Monday, December 8, 2008

Bicameral conference committee

E·N·Q·U·I·R·Y
DEMAREE J.B. RAVAL

Bicameral conference committee
Sunday, 05 22, 2005

A bicameral conference committee in the legislative process is expected to reconcile only conflicting provisions. It can not do away with provisions to which both Houses are in agreement or over which there is no conflict between them. The committee is limited to the adjustment, reconciliation and harmonizing of contrasting versions of both the Senate and the House of Representatives.

Section 3 of House Bill No. 3705 reads: “...the value added tax (VAT) imposed under this paragraph shall be paid and absorbed by the subject generation companies who shall be prohibited from passing on the cost of such tax payments either directly or indirectly to any consumer in whatever form or manner, it being the express intent of this act that the value added tax shall be borne and absorbed exclusively by the power-generating companies.”

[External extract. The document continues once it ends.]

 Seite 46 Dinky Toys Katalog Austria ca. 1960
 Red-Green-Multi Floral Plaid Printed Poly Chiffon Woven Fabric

Similarly, Section 5 of Senate Bill No. 1950 reads: “Sec. 3. ...the VAT on the sales of electricity by generation companies and services of transmission companies and distribution companies as well as those of franchise grantees of electric utilities shall not apply to residential end-users; provided, that the value added tax herein levied shall be absorbed and paid by the generation, transmission and distribution companies concerned. The companies shall not pass on such tax payments to National Power Corp. (Napocor) or ultimately to the consumers, including but not limited to residential end-users, either as costs or in a any other form whatsoever, directly or indirectly.”

Clearly, there is no difference between the respective versions of the two Houses on the value-added tax bills. Both Houses are agreed on the “no-pass on” provision. But the bicameral conference committee that reconciled the conflicting provisions of the two versions chose to delete the “no-pass on” provision in the reconciled version.

The members of the panel of either House, before they go into conference, are given instructions by the entire House on how to conduct the committee proceedings. What is clear is that they cannot negotiate on provisions where there is no conflict with the other House. Precisely, the report of a bicameral conference committee is preceded by the words: “The Conference Committee on the Disagreeing Provisions of House Bill No. 3705 and Senate Bill No. 1950……”
Committees of conference are appointed for the sole purpose of compromising and adjusting the differing and conflicting opinions of the two Houses, and the committees of conference alone can grant compromises and modify propositions of either House within the limits of the disagreement. Conferees are limited to the consideration of differences between the two Houses. Conferees shall not insert in their report matter not committed to them by either House, nor shall they strike from the bill matter agreed to by both Houses. No matter on which there is nothing in either the Senate or the House passed versions of a bill may be included in the conference report and actions to the contrary would subject the report to a point of order (Riddicks Precedents and Procedures).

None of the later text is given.